For Ciro, horror needs to have an element of the supernatural, and I would call this style of horror fan lovecrafty. I'd hazard to guess that this kind of horror is satisfying because it takes a more generalized anxiety and concentrates or exaggerates it, usually in a person or malevolent and deliberate force, and this is a relief. Probably there is an element of this same "oh thank goodness I can be scared of this specific thing instead of the milder more frequently encountered versions of this thing" in "scary clown" or "hundreds of spiders crawling on you." There's also a potential for resolution, even if the resolution is "yes, the villain won, the end." I often find this style of horror interesting but not frightening.

Then there is true crime, which may or may not count as horror, which I would say is appealing partly because it lets you be glad you've survived and partly as a rehearsal because you're worried you might not later on. I sometimes like true crime, but I mostly feel sad for the real people, who I don't encounter as though they are me. Something it's missing, from a horror perspective, is suspense. For me, it's mainly tragedy. I don't like to read much of it because I feel bad about reducing the victims to their endings instead of their lives. It would feel profane. Instead I get depressed about people who should be alive not being alive. And I don't change my behavior because it's statistically unlikely these things would happen to me, plus I benefit from being friendly and adventurous and don't think I should stop that.

Meanwhile, where I experience horror is in something other people are more likely to call tragedy, which is: the horror I like takes place in a setting where it is fairly evident from fairly early on that the majority of the people in the story are going to die, and it is going to be pointless death that serves nobody's purpose (there's no monster or death trap maker or serial killer), and it is going to be drawn out and isolated. The horror part comes in my knowing that it's possible some of the people will make the situation worse for some of the other people, and I watch with the hope they won't even though I know they will. Sometimes these people are well-meaning. Sometimes they are not. It's excruciating.

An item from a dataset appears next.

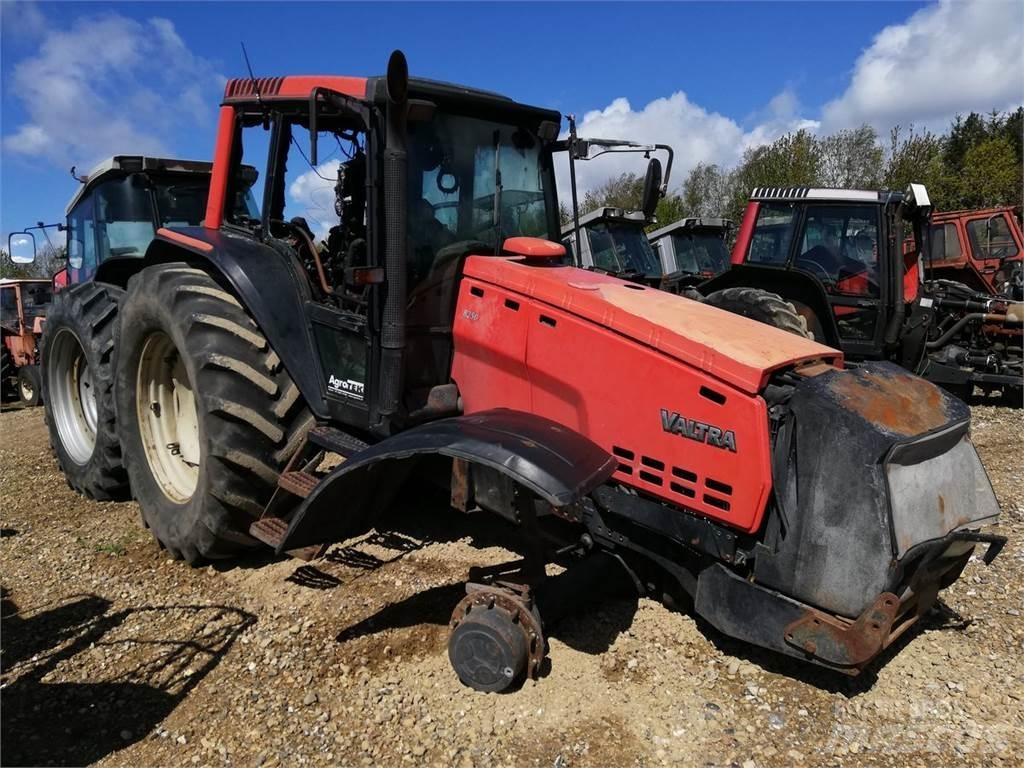 Valtra 8350 트랙터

I couldn't tell you why I would choose that kind of narrative or what I get out of it. It does not make sense that I seek out engineering disasters and mountaineering disasters and shipwrecks. It maybe has to do with my appreciation for the people who remain gracious and kind, or bear up and become more noble, as people often do in disasters, or at the very least do not make things worse, the relief I feel when encountering those people or characters. It probably has something to do with reaffirming that I can find value and meaning even in a world of large unsolvable conflicts, or with Camus' short story "The Guest."